I've been thinking about power a lot lately. Power structures, power outages, power dynamics, power plays, power games, power over, power beside, personal power, magical power, nature's power.
But I hid the main idea: I'm thinking about my own power.
Sometime last year I entered my crone phase. I don't know why this is true, only that it is. I've been in menopause since my cancer diagnosis and treatment in 2005, but I feel a shift in my body and wonder if I'm entering my natural menopause now. I feel different in my body, and I'm not talking about the changes that others can see (thickening middle, thinning hair - what strange balance there is there!), but about those I feel.
I feel powerful.
I care a lot less about other people's opinions than I once did, and I allow myself more opinions than I used to. I'm a lot better at saying "no" and meaning it. I care more about some things, and less about others. But through all of it, I feel a surge in my chest and belly and somewhere deeper, a building of energy that I've never felt before.
It's different than the energy of youth, when I pulled all nighters and maxed out the Stairmaster for 45 minutes; it's different than the burning thighs of twelve mile hikes with thousands of feet of elevation gain, or carrying a 45 pound pack (yes I did and yes that's crazy). It's different than working multiple jobs while going to school, and it's different than the drive I felt to put in twelve hour days at work without pain. It's very different than the life makeover that happened when I became a single working parent.
In some ways, it's quieter. I feel more introverted than I used to... because I enjoy my own company more. I've learned to still my mind a bit better, and so a house with no interruptions is a chance to dance with my own mind, to explore ideas, stillness, dreams, wonderment, without the clawing anxiety that I've lived with for most of my life.
I feel enough. Not better or worse, but enough, and this is more than I have ever felt before, and it's a type of quiet that I don't know how to explain but it's beautiful, like nighttime in the woods or being in a rowboat in the middle of a lake or finding a beach with nobody there. When I listen, there are all kinds of sounds (like the breeze through evergreen branches, or the waves on the shore) but most of all there is my own breathing, in, out, in, out.
Yesterday I saw the movie Wicked and walked away thinking about Elphaba's power. I'm sure that I'm not the only person to feel this way - I might be the ten millionth - but I related to her so incredibly deeply. I felt the pain of her family's rejection and their bad behavior; I felt the desire to be deeply good to others; I felt a pull to be sharp and smart to make up for other lacking traits. I felt deeply weird and green, just like her; I felt the humiliation of a "friend" who set me up to be mocked.

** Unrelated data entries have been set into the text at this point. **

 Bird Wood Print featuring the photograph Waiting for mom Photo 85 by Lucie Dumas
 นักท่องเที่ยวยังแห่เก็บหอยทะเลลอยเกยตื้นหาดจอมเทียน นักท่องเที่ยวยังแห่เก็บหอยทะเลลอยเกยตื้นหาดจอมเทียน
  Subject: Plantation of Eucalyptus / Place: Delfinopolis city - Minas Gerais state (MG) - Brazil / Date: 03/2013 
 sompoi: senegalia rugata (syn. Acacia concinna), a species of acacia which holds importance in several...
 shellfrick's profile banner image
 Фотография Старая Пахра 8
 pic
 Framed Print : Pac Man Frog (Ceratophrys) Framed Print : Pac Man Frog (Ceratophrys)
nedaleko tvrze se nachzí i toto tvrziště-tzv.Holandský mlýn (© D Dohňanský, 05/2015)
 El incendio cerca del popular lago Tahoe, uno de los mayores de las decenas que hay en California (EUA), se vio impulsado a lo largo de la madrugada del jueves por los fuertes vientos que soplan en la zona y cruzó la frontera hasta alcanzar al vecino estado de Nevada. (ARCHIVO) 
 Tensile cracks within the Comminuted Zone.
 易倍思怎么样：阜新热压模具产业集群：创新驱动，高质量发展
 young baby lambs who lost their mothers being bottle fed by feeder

But most of all, I felt the relief of letting go of all of it and embracing the weird: of daring to dream of a place where the color of me is everyone's favorite, and, once realizing that such favoritism has limits, deciding that I know my internal compass and right from wrong, and fighting back simply by being my full self.
Defying Gravity, indeed.
The world has all kinds of rules for women like me - neither rich nor poor, neither beautiful nor ugly, neither old nor young. I think the main rules are 1) Be everyone's helper and 2) When not helping, be invisible.
Fuck it.
I've been helping for a long time, and slowly it is dawning on me that the person I need to be helping is MYSELF and that if I ever gave myself the attention that I give to others, maybe I too could defy gravity. It's only when Elphalba stops caring for Nessie and is willing to walk away from Galinda that she figures out how to take care of herself, and that's when the magic happens.

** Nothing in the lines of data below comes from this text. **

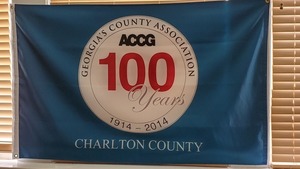 [Charlton County ACCG 100 years 1914-2014]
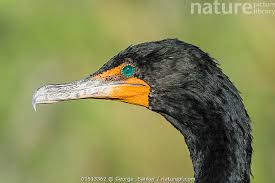 Image result for Phalacrocorax auritus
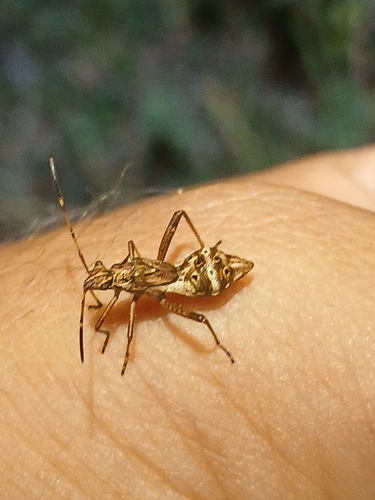 Camptopus lateralis
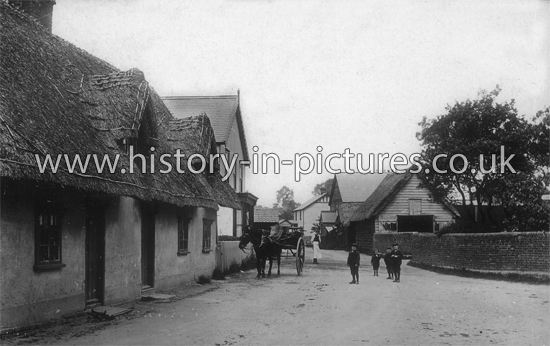Howe Street, Gt Waltham, Essex. c.1908
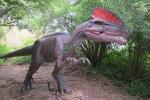 KAWAH Outdoor Simulation Realistic Animatronic Dinosaur Dilophosaurus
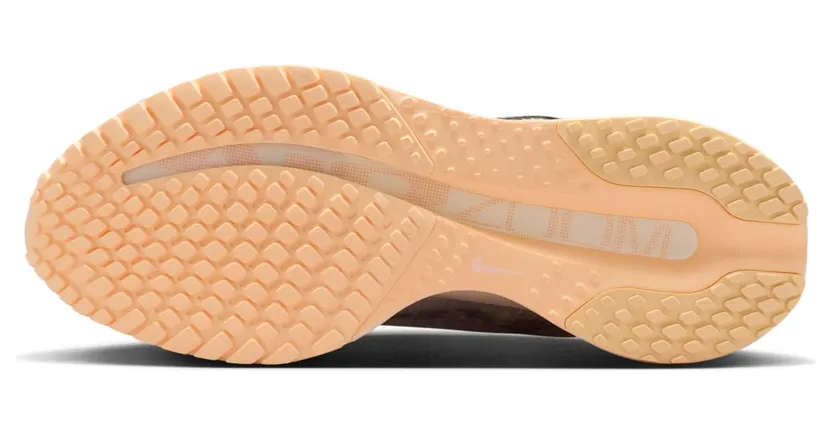 nike-air-pegasus HQ2593-012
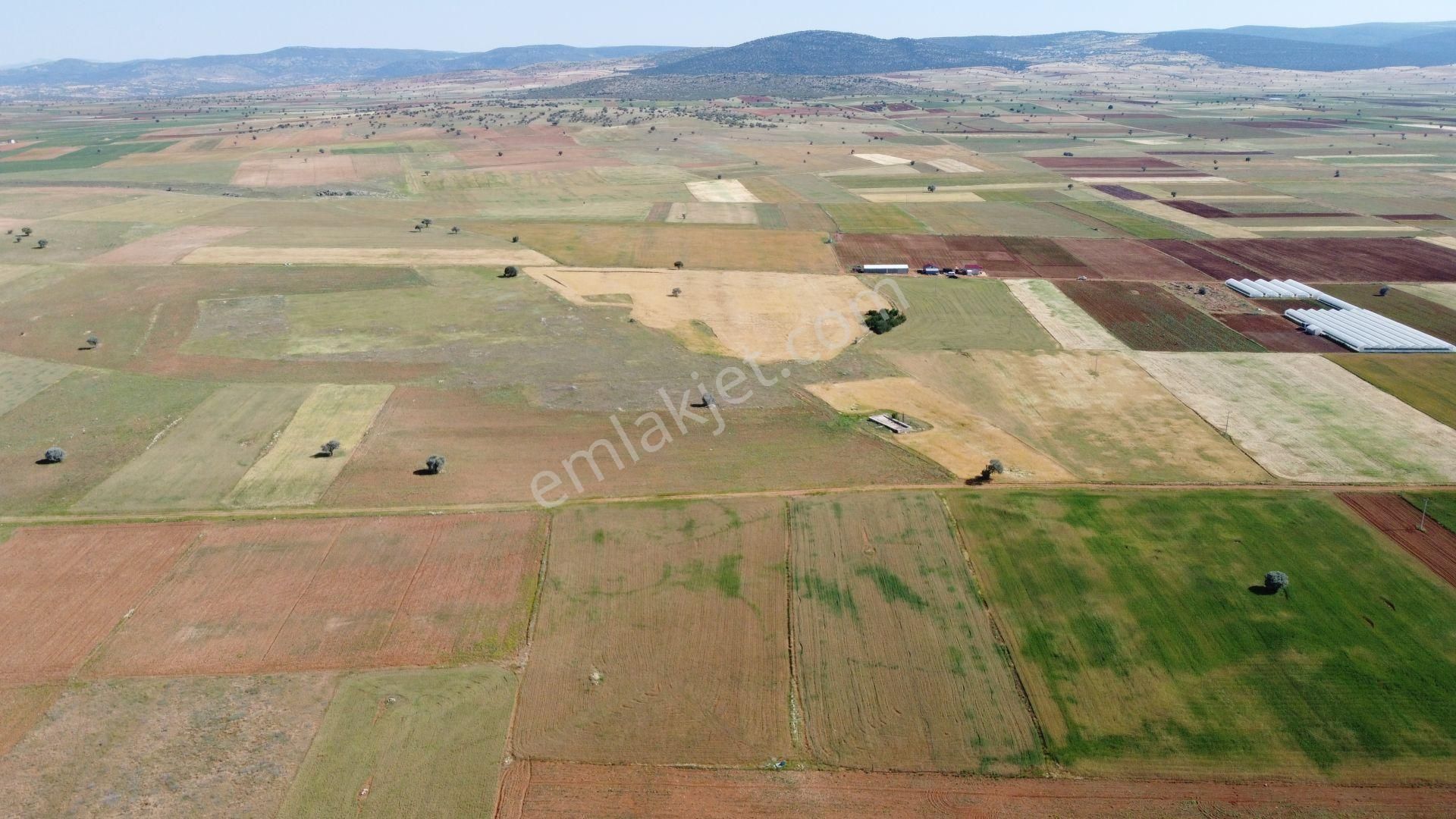 Konya / Akören / Hacılar Mahallesinde 5.402 M² Müstakil Tapulu Tarla - Görsel 7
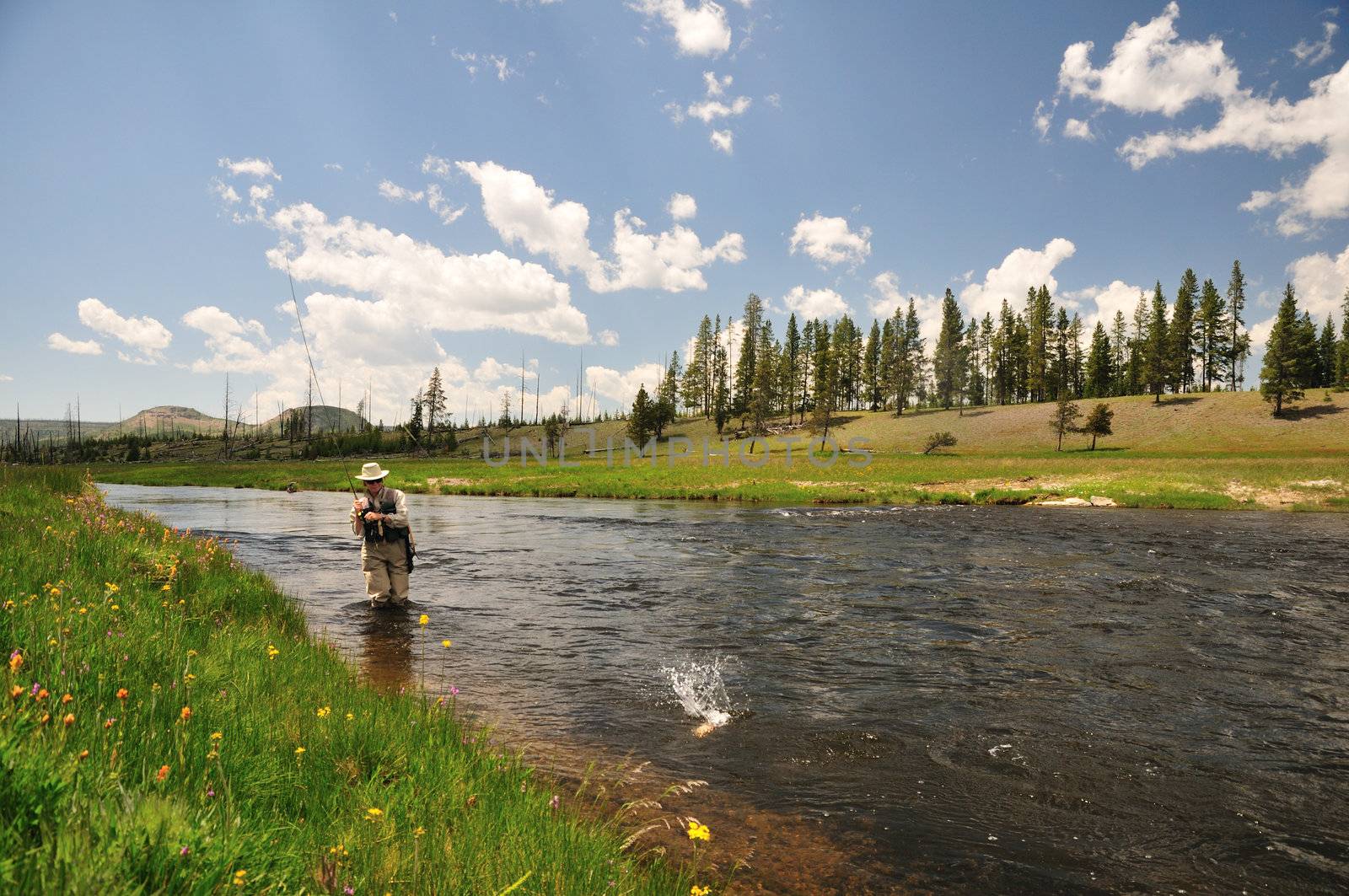 Active senior woman reeling in a trout from the Firehole River in Yellowstone National Park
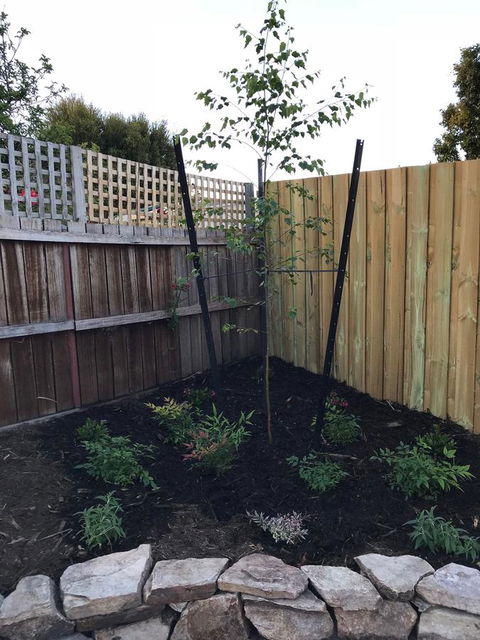 Self Contained Beach View Apartment - C Tourism 11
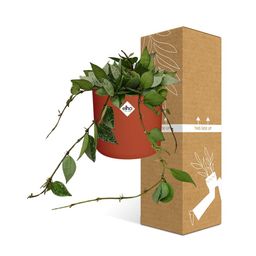 Hoya Krohniana Eskimo in ELHO b.for soft rond 14cm brique (21495)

My daughter is ready to defy gravity all on her own - connected by heartstrings forever, I hope, but also ready to fly untethered. She needs to take on her own dreams and responsibilities, to take risks and fly. I'm a place to land until my last breath, and my thrill at watching her become herself is beyond joy, and I hope that my faith in her fuels her faith in herself. She is a main character in my story, beloved and important, teacher and student both. If she needs me, I won't hesitate to fly to her - she is life, love, breath, and there is nothing I wouldn't do for her. But she's got her own power, and she's growing into it, and she doesn't need rescuing most of the time. She needs space to grow, supported by love but not strings.

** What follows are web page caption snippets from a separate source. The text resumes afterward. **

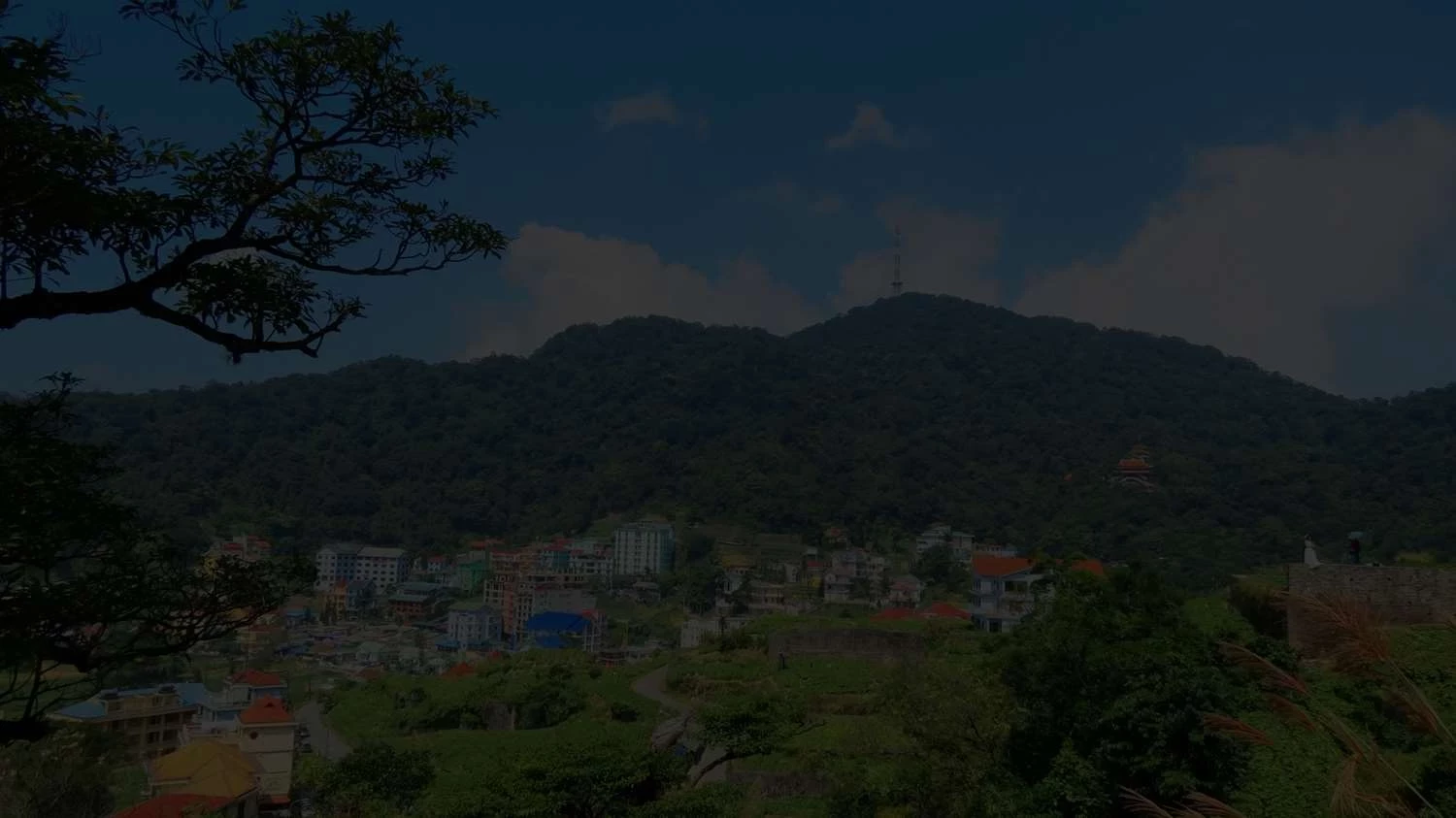bg-tamdao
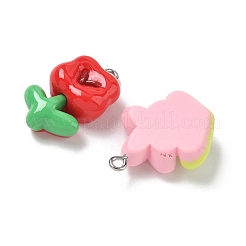 Opaque Resin Pendants&nbsp;RESI-I339-05P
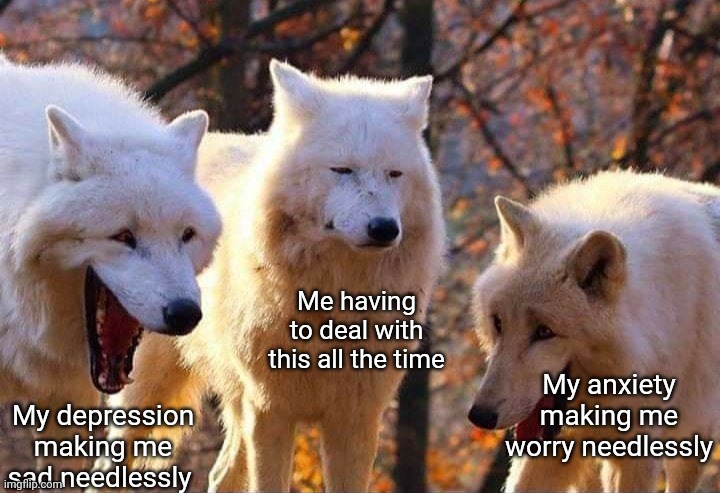 Laughing wolf | Me having to deal with this all the time; My anxiety making me worry needlessly; My depression making me sad needlessly | image tagged in laughing wolf | made w/ Imgflip meme maker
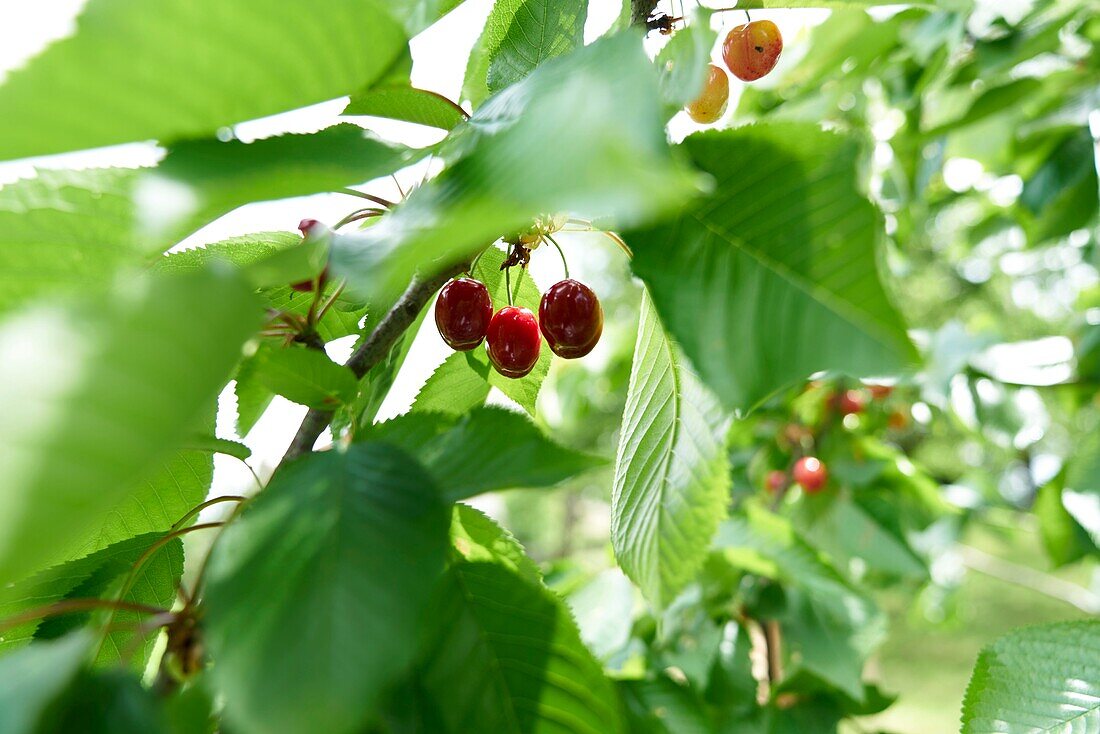 France,Aveyron,Najac,fruits,Cherry tree,Burlat,cherry close up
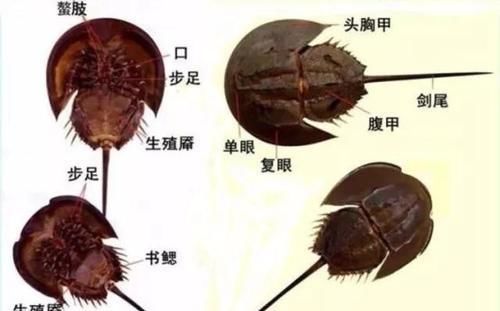中国鲎:长寿蓝血怪物，海洋活化石，可能你连它名字都不认识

But anything is possible as I come into my power, and she needs to witness it so she'll know it's awaiting her, too.
I'm ready to create an unconventional life for myself, reinventing myself as a writer in my mid-fifties. Somewhere along the way I noticed that I don't even want to date anymore, and that the men I meet bore me more than they excite me, and so many of them need caring that feels like ropes around my neck and wrists, tethering me to a life that belongs to them, not me. I see people in healthy, happy relationships and I don't think that this is all men or all relationships, but I think, more and more, that it is MY truth.
The liberation of not craving a partner is unexpected and joyful. All that energy is available for other things, now.
Writing stories that matter, allegories and metaphors and dreams, rage and love and hope and disappointment, friendship and mothers and daughters and the occasional lover, love letters to the world, lanterns to guide the way for those who find themselves on my story roads.
Defying gravity.
My intuition is sharper than I knew was humanly possible - they could study me, I've predicted so many things. Power. This is going to happen, is happening, unfolding as it should.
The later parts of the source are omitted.